Hours before the commercial’s scheduled airing, the spot was pulled from the airwaves as the federal government considers pot illegal. The agency then had to think on their feet to turn the spot into an editorial opportunity, leveraging the buzz around the topic by generating headlines in mainstream media outlets.
Today, creativity still plays an important role for companies unable to advertise through traditional means. Firefly, for example, has embarked on an initiative called ‘Fueled by Firefly’, where the company partners and collaborates with artists to develop creative content associated with the product.
“We aspire to be a force in helping artists to create work that inspires us and others,” says Dilaver. “Our Fueled by Firefly events and artists series reflect our unconventional product and culture and we hope to connect to our audience through this authentic journey. We have an ongoing photography series at a few magazines like Cannabis Now, and we continue to organize unique events.”
A recent example of a Fueled by Firefly collaboration was with photographer Noah Kalina. The branded content photo series subtly features the product in beautiful natural settings and make Instagram-worthy posts the brand is able to share with its 20,000 followers, and is currently engaging in PR activities with the hope of reaching more mainstream audiences.

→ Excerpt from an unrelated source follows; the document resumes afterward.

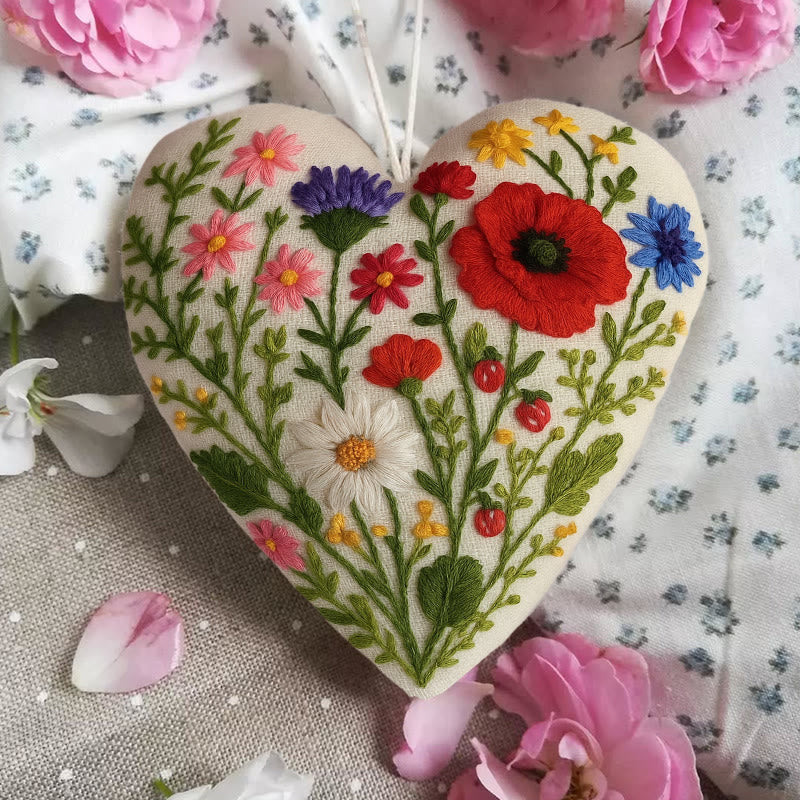 Rubbyoo Heart Embroidery Kit - Charming Garden | Diy Colourful Handicraft | Perfect Gift For Flower Lover - image 4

And Firefly is not alone. Last month, streaming giant Netflix partnered with creative agency Carrot and a California cannabis dispensary to produce weed themed on its TV series. The stunt aimed to promote new show Disjointed, which is set in a cannabis dispensary. Arrested Development, Bojack Horseman and Orange Is the New Black were among the 10 titles to be given their own dedicated strain of marijuana and sold at a pop-up shop.
Whether the slick design and creative conceptualisation seen in activations such as Netflix’s, succeeds in normalising the growing cannabis industry remains to be seen. For Firefly, this idea of changing public perception of the substance is at the core of its brand identity. “In terms of designing the Firefly brand, we wanted to create a design language that elevated the perception of cannabis. We wanted to rebrand it. Cannabis has typically been perceived as a product for ‘stoners’, we wanted to bring it into the adult world,” Dilaver explains.
So what’s the best advice for marketers tasked with advertising marijuana or related products? According to Mannix from Cannabrand agency, creatives must approach with caution.
“Stay away from counterculture, cartoons, jokes and anything that puts a negative connotation on cannabis consumers in not only their branding and marketing strategies, but also on their social media pages. You need to be educating people, you need to be informing people, you need to be on a political level and advocating for the industry so we can change laws, especially in this time, and that all trickles back to marketing,” she concludes.